What needs to be done:
Set down the listing exactly as given, minus images.

Data:
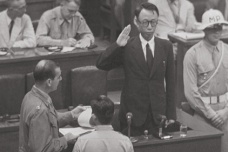 溥仪东京审判席强势对骂日本天皇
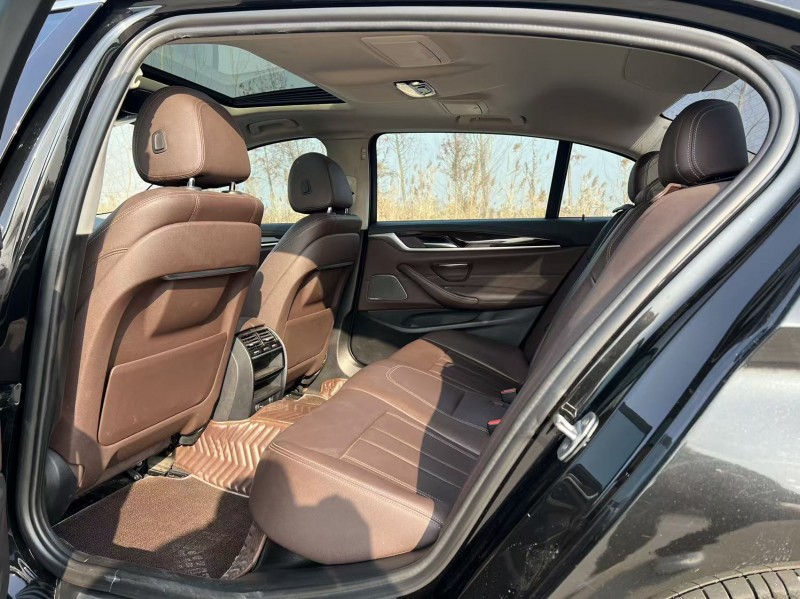 盐城19年宝马5系5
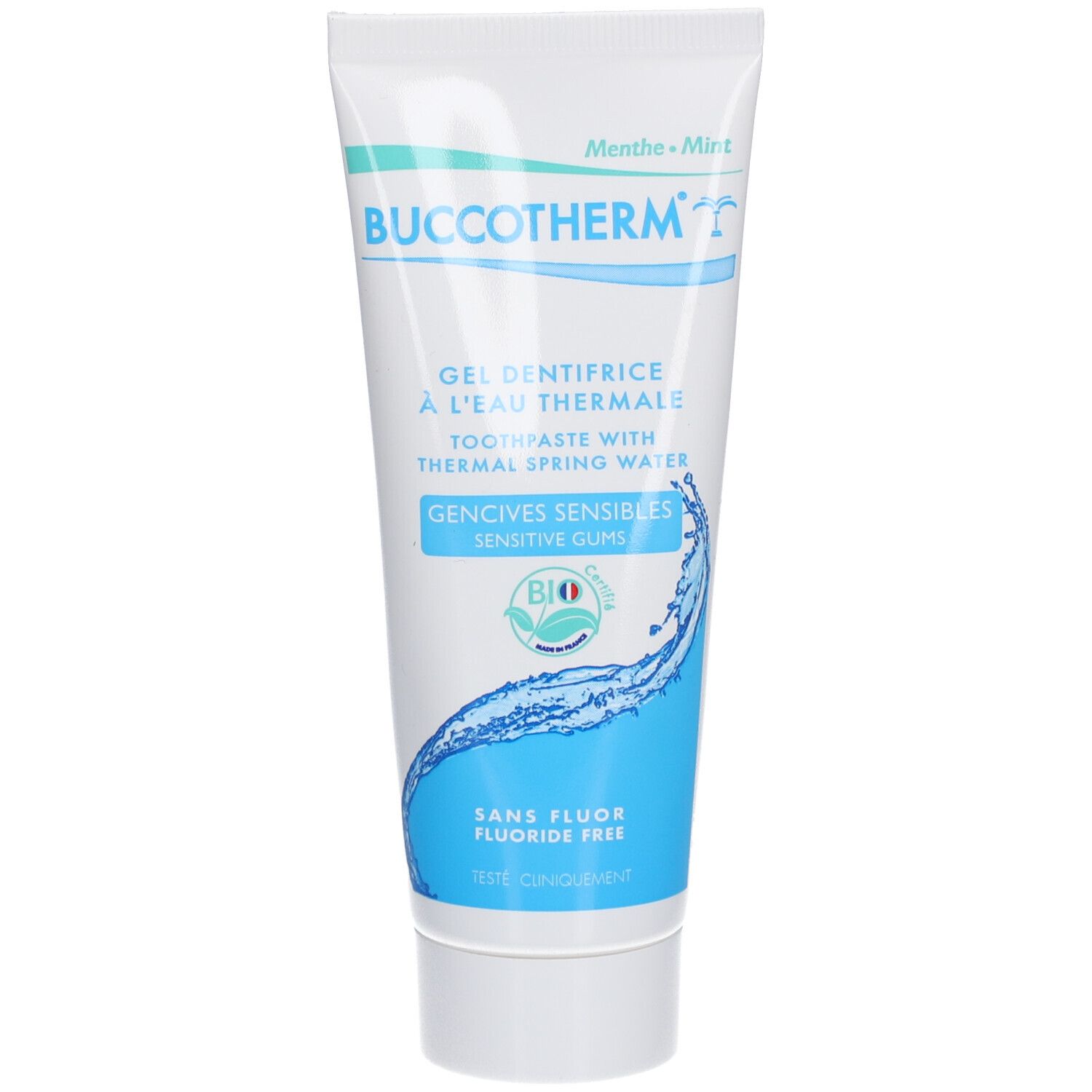 Tube de gel dentaire blanc, accents bleu-turquoise. Inscription: Buccotherm, Gel dentifrice à l'eau thermale, Gencives sensibles, label Bio.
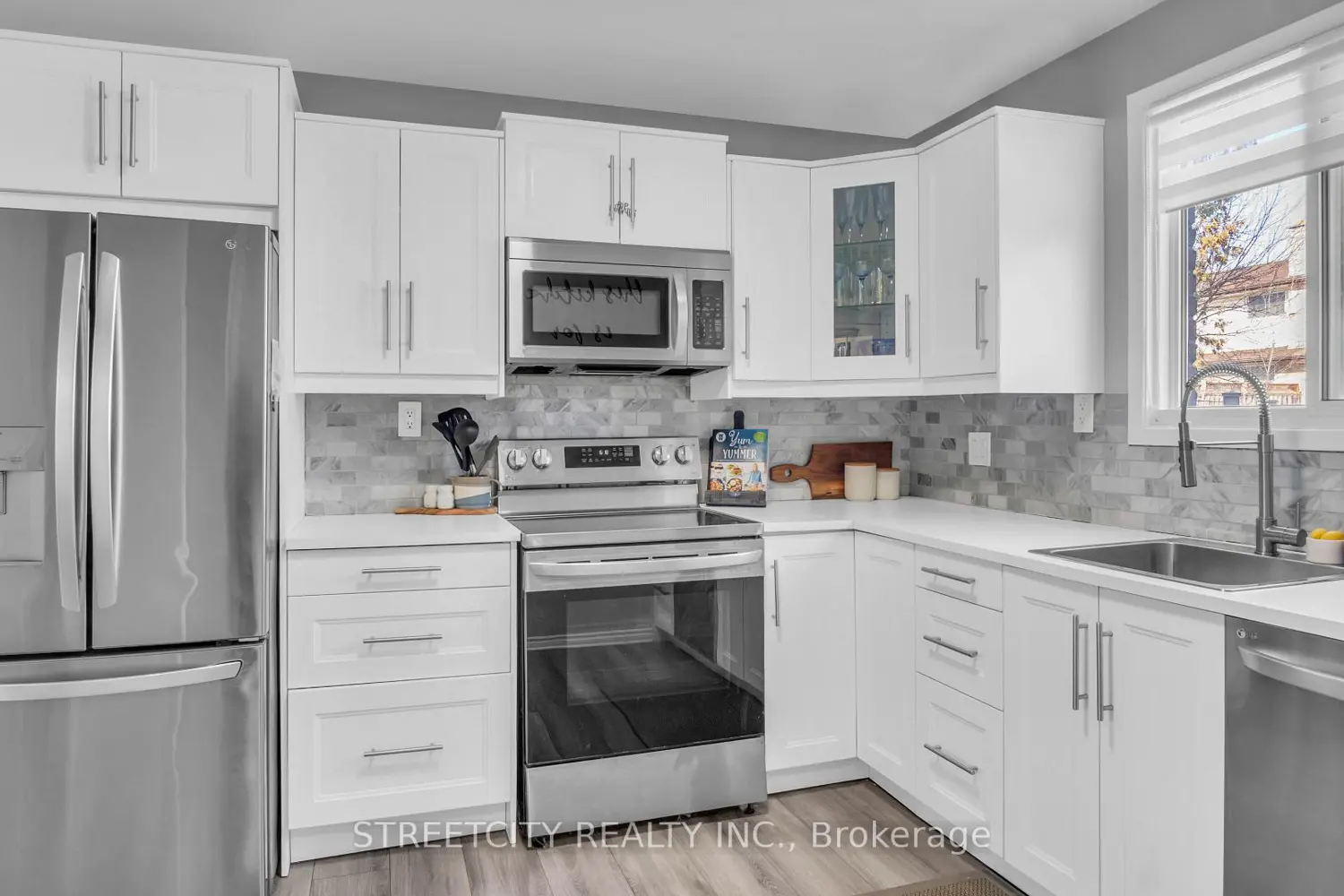 490 Southdale Road 8 photo 3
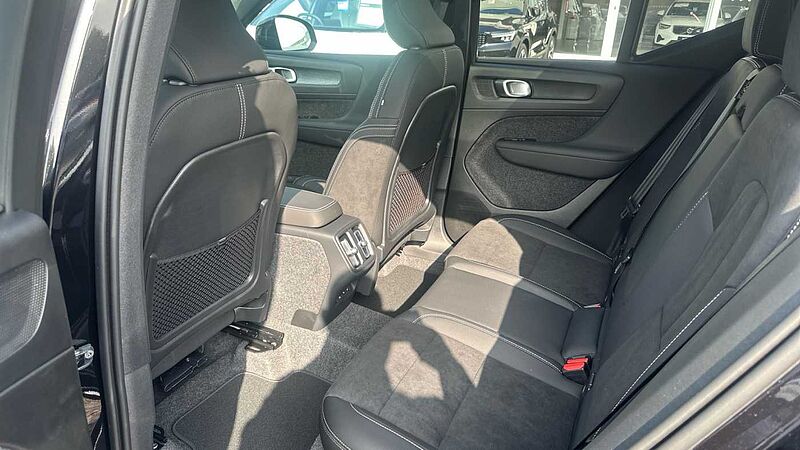 Volvo XC40 Black Edition Ultra, B4 Mild hybrid, Petrol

Expected answer:
 溥仪东京审判席强势对骂日本天皇
 盐城19年宝马5系5
 Tube de gel dentaire blanc, accents bleu-turquoise. Inscription: Buccotherm, Gel dentifrice à l'eau thermale, Gencives sensibles, label Bio.
 490 Southdale Road 8 photo 3
 Volvo XC40 Black Edition Ultra, B4 Mild hybrid, Petrol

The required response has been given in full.